## THE PROBLEM
Your output should be everything below from the line containing "Lucy Paris NASHVILLE RIBBED TANK" down to the line containing "Millie 4pc Queen Bedroom Set", both ends included, copied exactly, with pictures left out.

## PROVIDED RECORDS
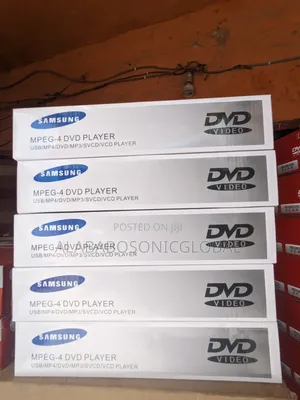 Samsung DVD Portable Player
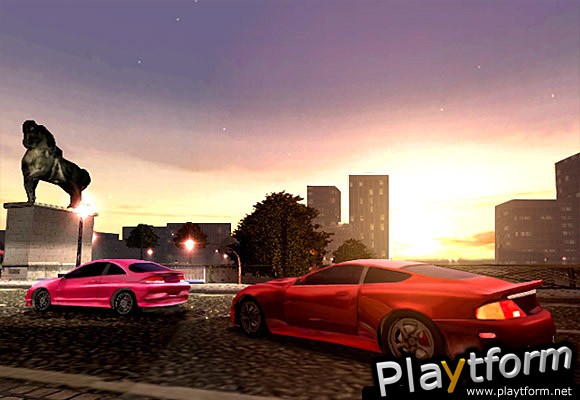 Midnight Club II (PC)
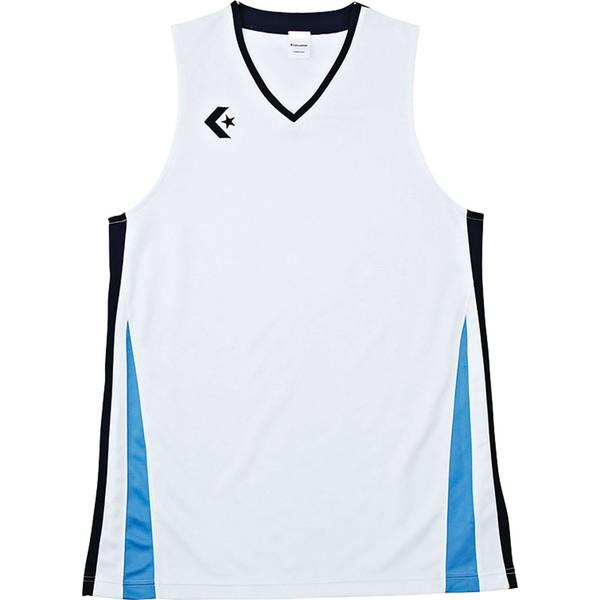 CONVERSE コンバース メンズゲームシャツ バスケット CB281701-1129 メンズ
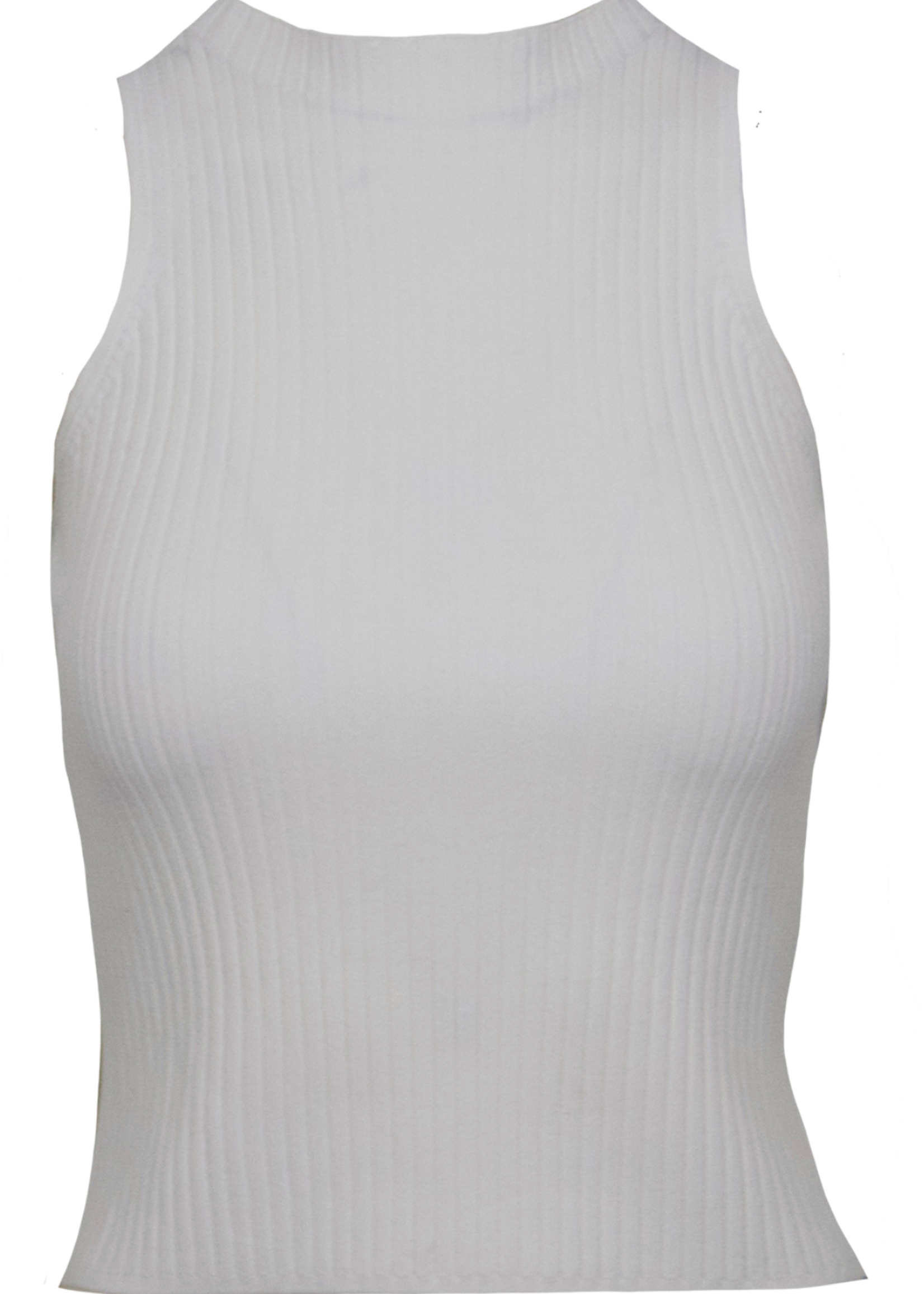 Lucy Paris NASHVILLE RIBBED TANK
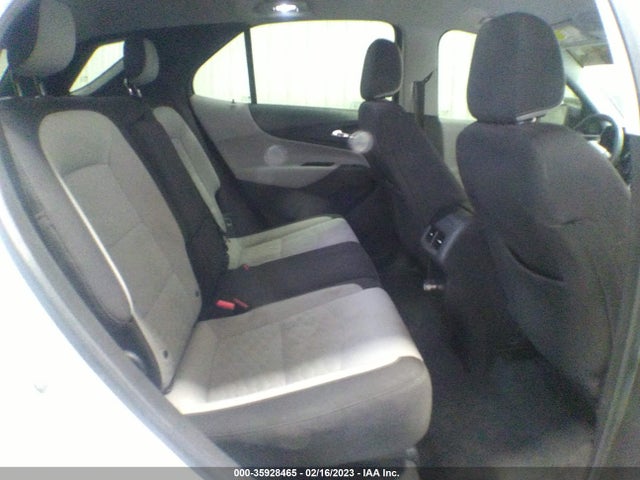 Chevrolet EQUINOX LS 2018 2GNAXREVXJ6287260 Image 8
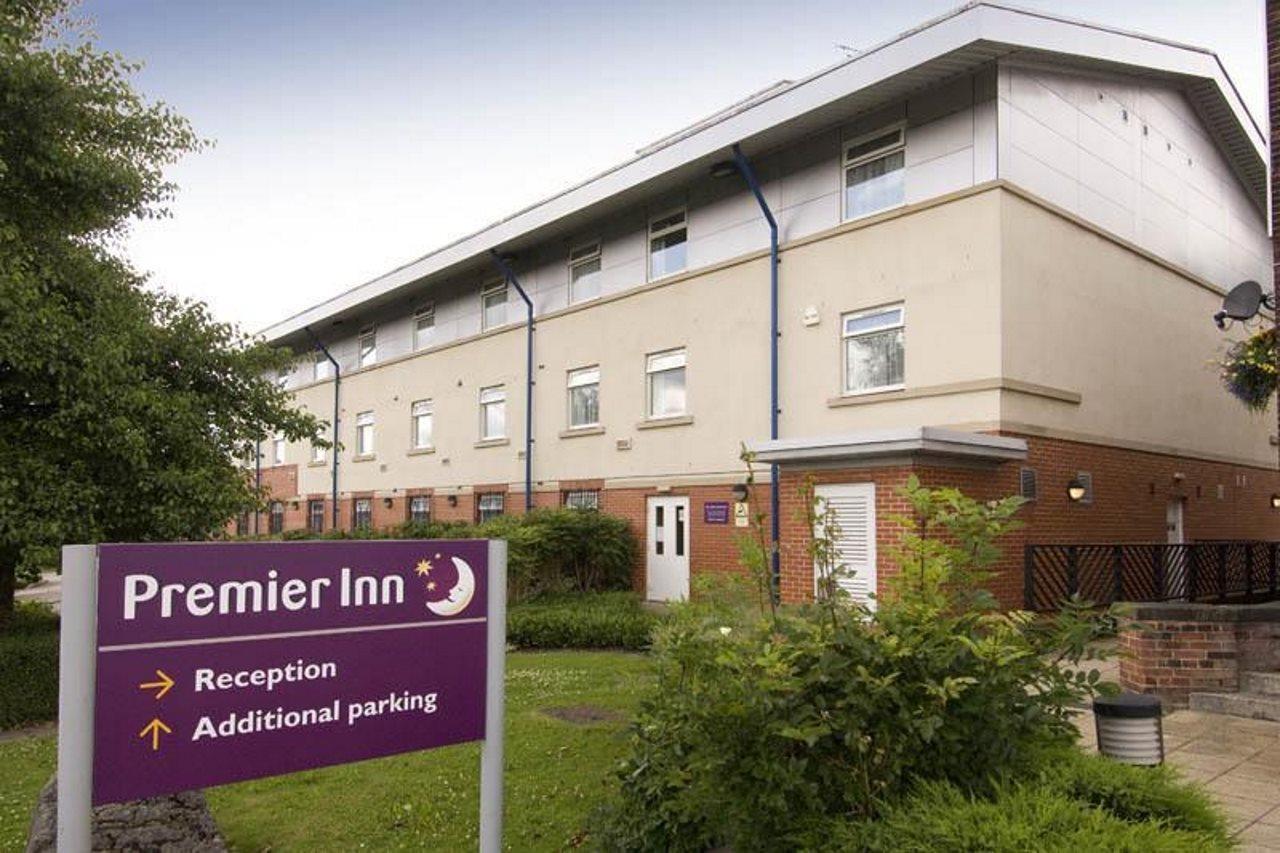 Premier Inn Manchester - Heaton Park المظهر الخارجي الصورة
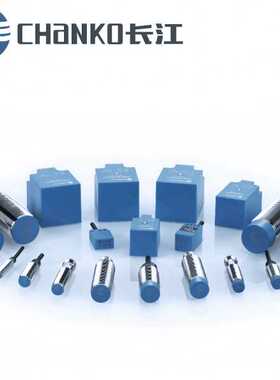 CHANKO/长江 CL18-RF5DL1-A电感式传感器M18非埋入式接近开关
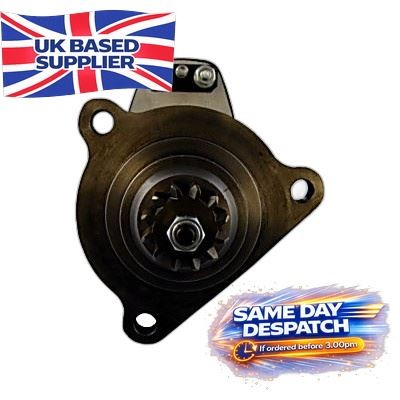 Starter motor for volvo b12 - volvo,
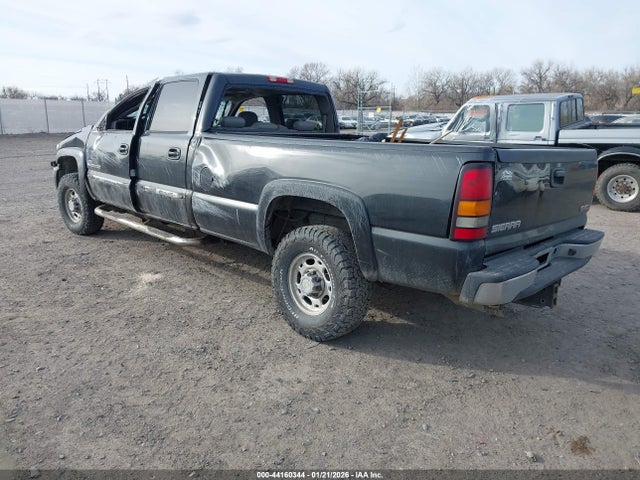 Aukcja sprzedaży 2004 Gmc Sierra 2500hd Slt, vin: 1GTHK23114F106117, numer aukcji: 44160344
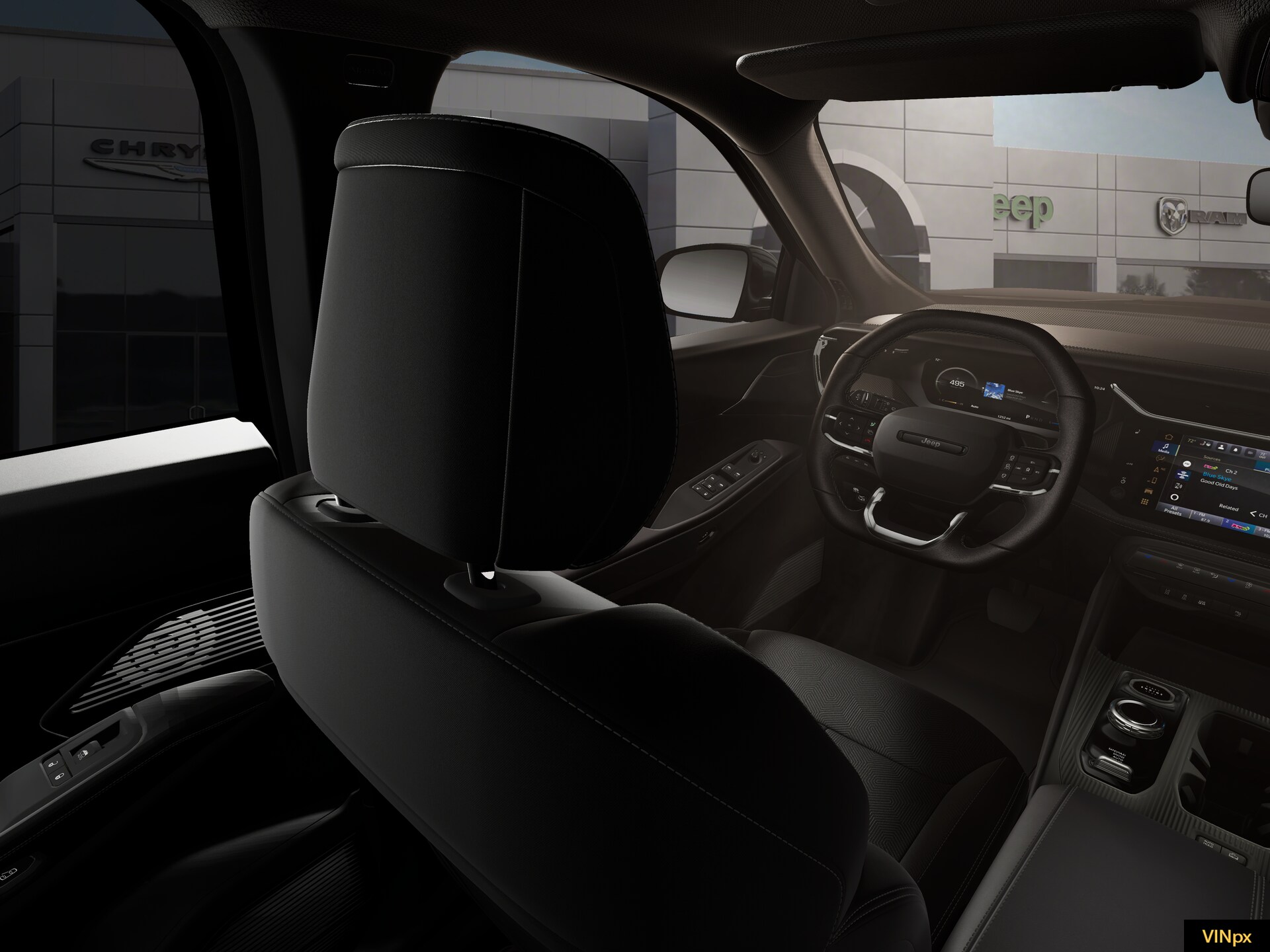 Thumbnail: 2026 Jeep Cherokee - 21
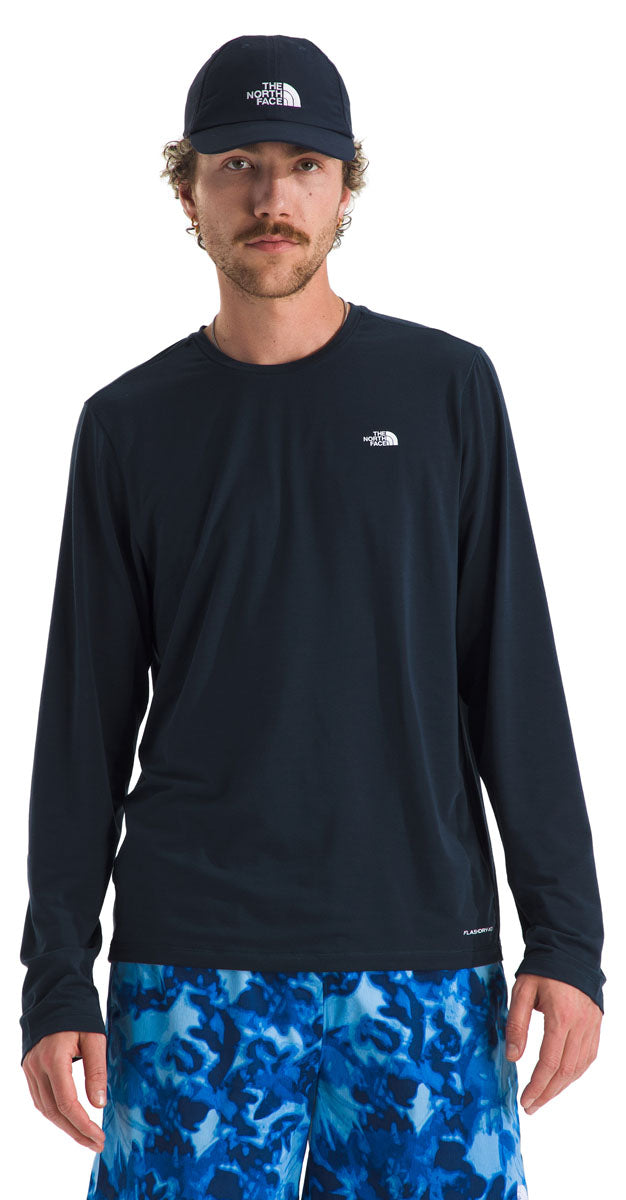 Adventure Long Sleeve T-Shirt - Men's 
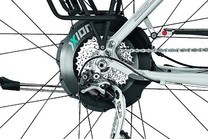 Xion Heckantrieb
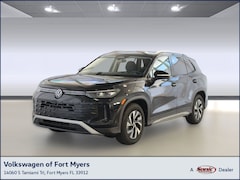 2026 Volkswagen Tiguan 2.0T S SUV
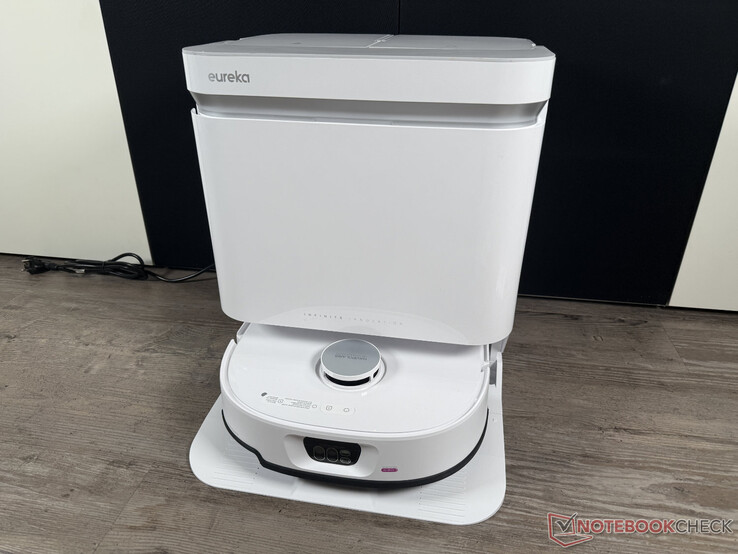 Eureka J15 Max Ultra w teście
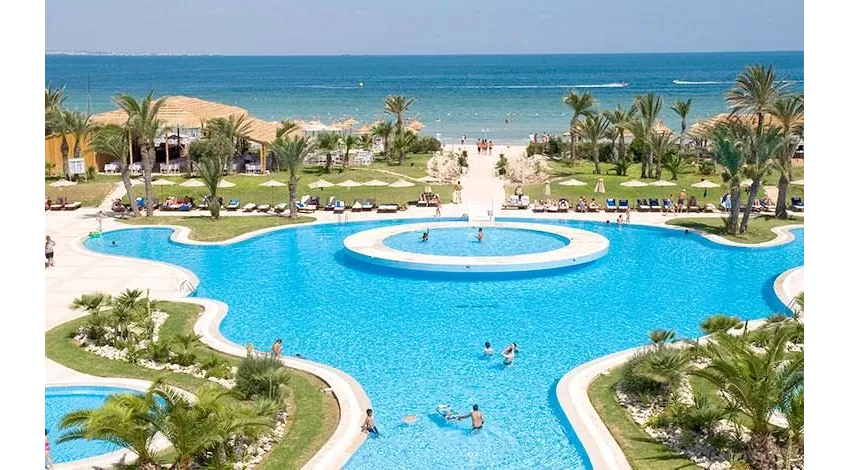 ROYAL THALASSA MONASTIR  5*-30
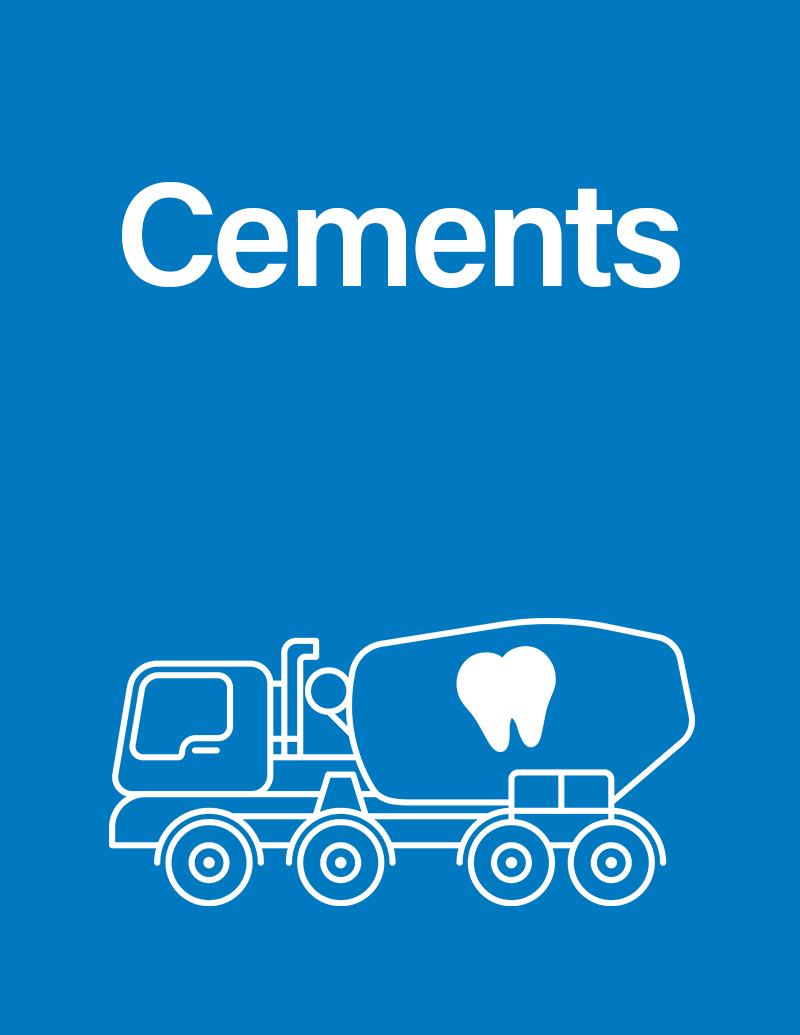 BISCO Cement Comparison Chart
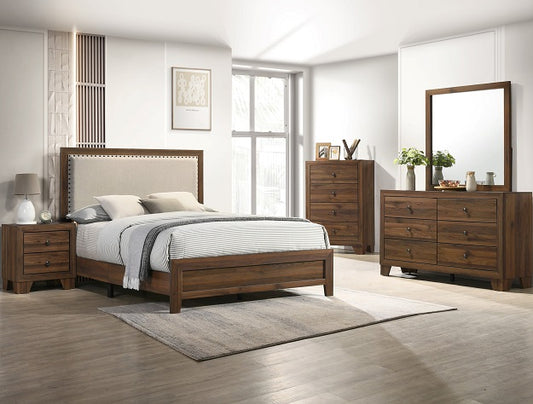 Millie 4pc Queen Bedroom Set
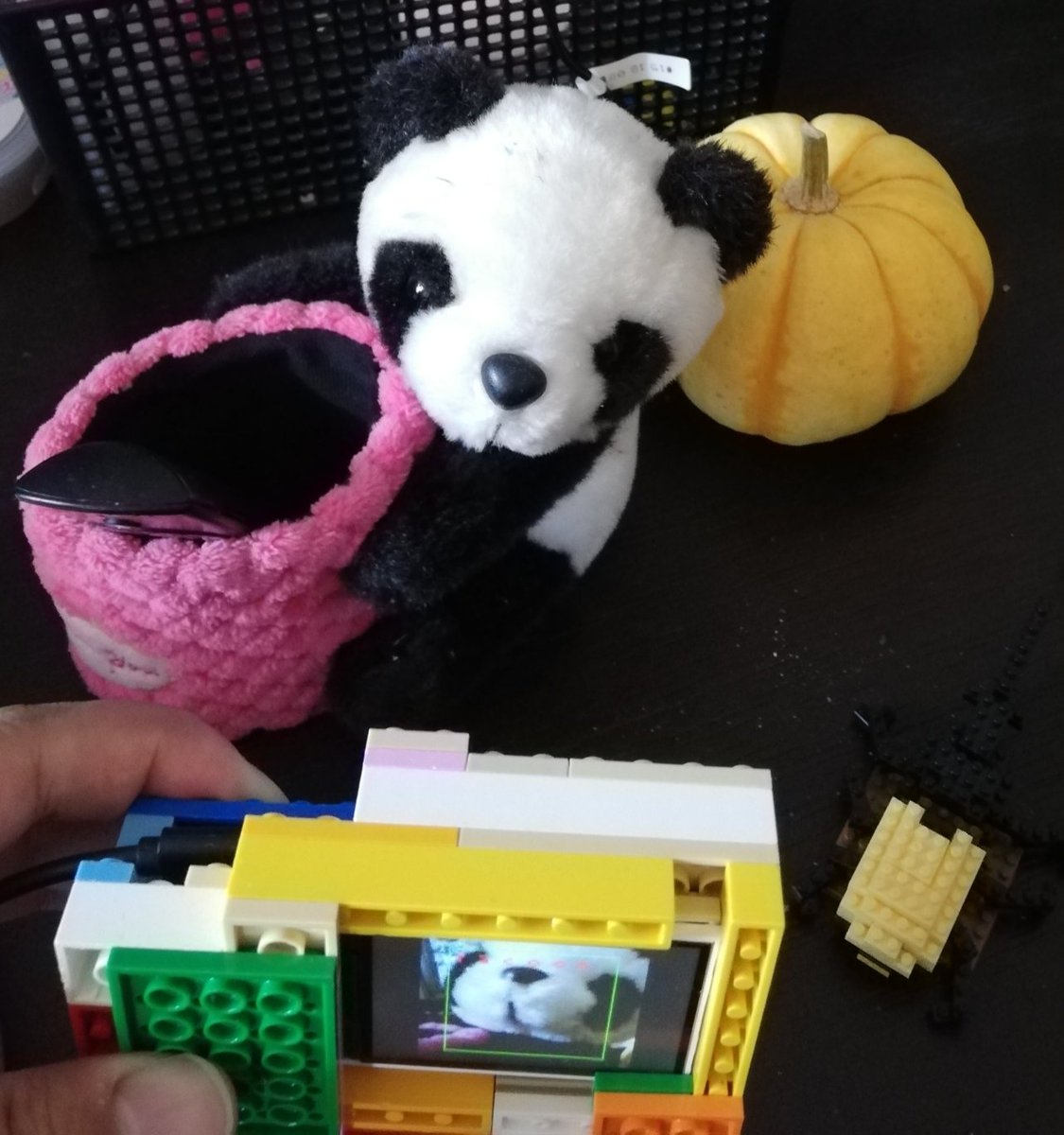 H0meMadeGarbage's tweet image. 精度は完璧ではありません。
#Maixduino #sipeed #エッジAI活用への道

## RESULT OF THIS EXERCISE
 Lucy Paris NASHVILLE RIBBED TANK
 Chevrolet EQUINOX LS 2018 2GNAXREVXJ6287260 Image 8
 Premier Inn Manchester - Heaton Park المظهر الخارجي الصورة
 CHANKO/长江 CL18-RF5DL1-A电感式传感器M18非埋入式接近开关
 Starter motor for volvo b12 - volvo,
 Aukcja sprzedaży 2004 Gmc Sierra 2500hd Slt, vin: 1GTHK23114F106117, numer aukcji: 44160344
 Thumbnail: 2026 Jeep Cherokee - 21
 Adventure Long Sleeve T-Shirt - Men's 
 Xion Heckantrieb
 2026 Volkswagen Tiguan 2.0T S SUV
 Eureka J15 Max Ultra w teście
 ROYAL THALASSA MONASTIR  5*-30
 BISCO Cement Comparison Chart
 Millie 4pc Queen Bedroom Set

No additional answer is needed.